Source data
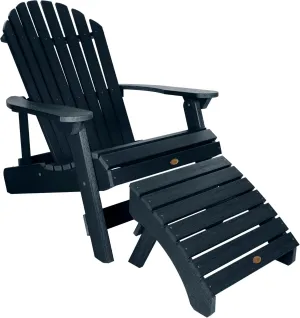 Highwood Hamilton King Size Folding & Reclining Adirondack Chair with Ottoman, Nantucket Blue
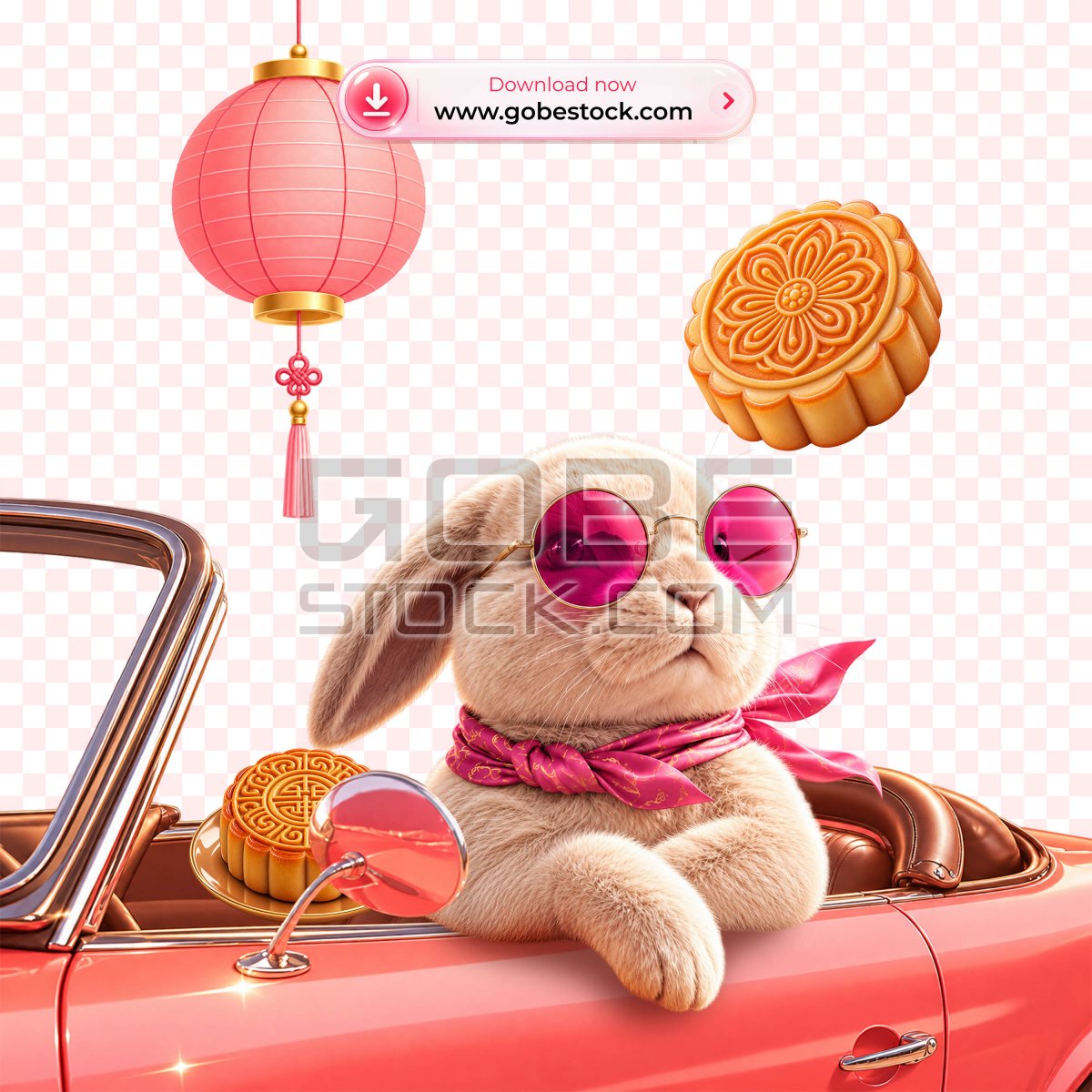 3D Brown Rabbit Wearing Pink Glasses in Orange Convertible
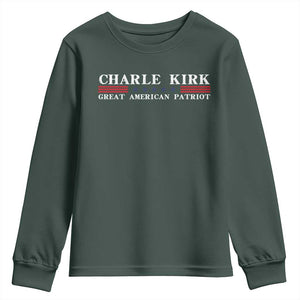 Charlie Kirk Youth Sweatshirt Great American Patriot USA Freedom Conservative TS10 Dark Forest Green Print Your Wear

Try it
All of the material should be written out again exactly, apart from the pictures.

Written solution
 Highwood Hamilton King Size Folding & Reclining Adirondack Chair with Ottoman, Nantucket Blue
 3D Brown Rabbit Wearing Pink Glasses in Orange Convertible
 Charlie Kirk Youth Sweatshirt Great American Patriot USA Freedom Conservative TS10 Dark Forest Green Print Your Wear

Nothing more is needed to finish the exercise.